Okay, that’s an overstatement. But they are really important.
I first discovered the value of these words from Tom Shrader, founding pastor of Redemption Church Gilbert. He wisely said that you should add these words to the end of almost every sentence.
- This is the musical style we’re using as a church…for now.
- We’re creating a ministry that ministers to women…for now.
- We think Sunday school curriculum should be tied to the sermon…for now.
- Let’s get all the leaders together every quarter…for now.
I’ve come to call this The Brett Favre Principle, an increasingly outdated name that commemorates Favre’s process of retiring, unretiring, retiring again (maybe), unretiring, etc.
While we like to mock Favre for such indecisiveness, saying “for now” is actually quite admirable.
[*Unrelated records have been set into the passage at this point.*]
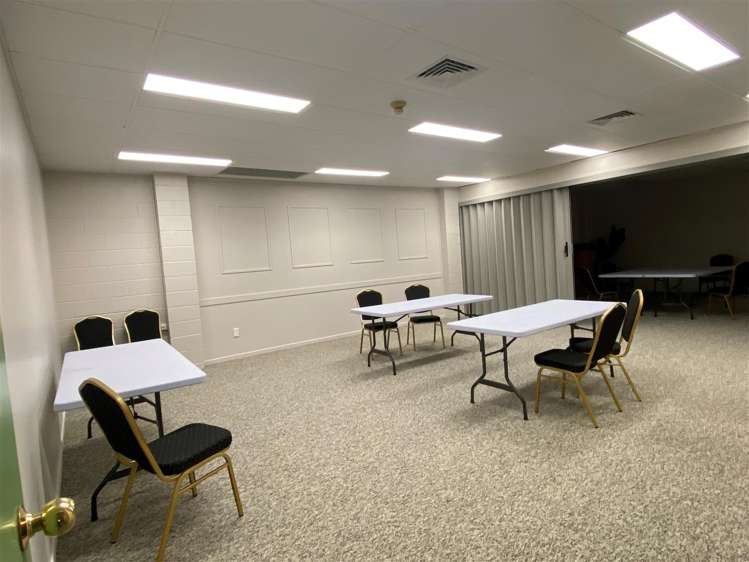 GF 28 Liverpool Street Hamilton Central_8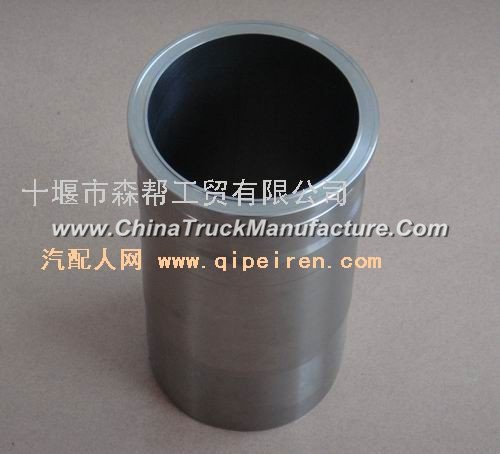 Dongfeng renault DCill engine cylinder liner    D5010359561A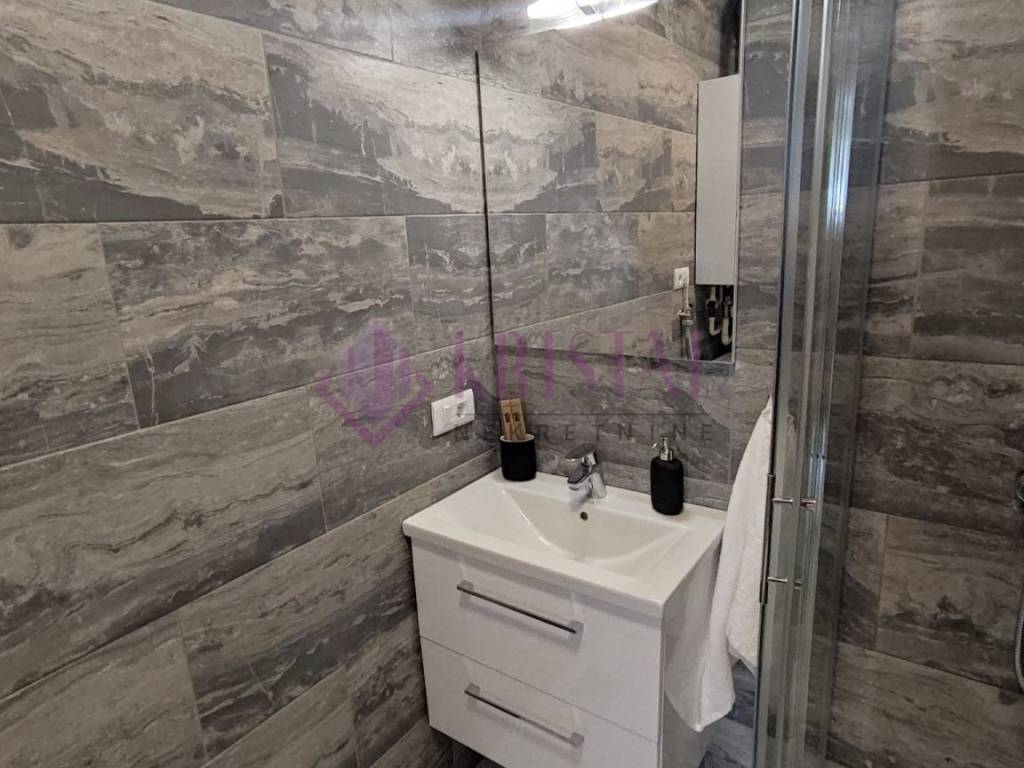 Stan u zgradi, Prodaja, Zagreb, Podsused - Vrapče
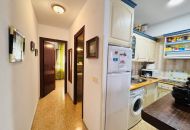 Sale - Apartments - 
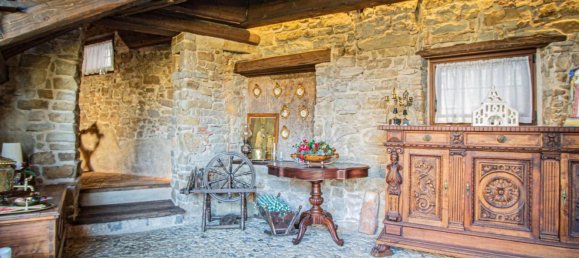 Villa de 5 habitaciónes en Gorizia, Italy No. 120897 18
Too many young leaders (especially church planters) make definitive, idealistic statements that end up pigeon-holing them later.
They say things like, “We’ll never have age-graded ministries — we want to keep the whole church together.” Then they actually have children and decide that age-graded ministries aren’t too bad.
Saying “for now” doesn’t make you wishy-washy. It simply acknowledges that while this may be the best way for you to do something right now, that may change in the future. More likely, it will change in the future. Saying “for now” allows you the flexibility to change your approach when it’s needed.
The major exception to the “for now” rule would be in major, closed-handed areas of doctrine. We don’t use “for now” when articulating our belief in the sufficiency of Scripture, the Trinity, the deity of Jesus, salvation by grace through faith, or a number of other key doctrines. These should never change.
But when it comes to philosophy of ministry or launching something new, use the words “for now.”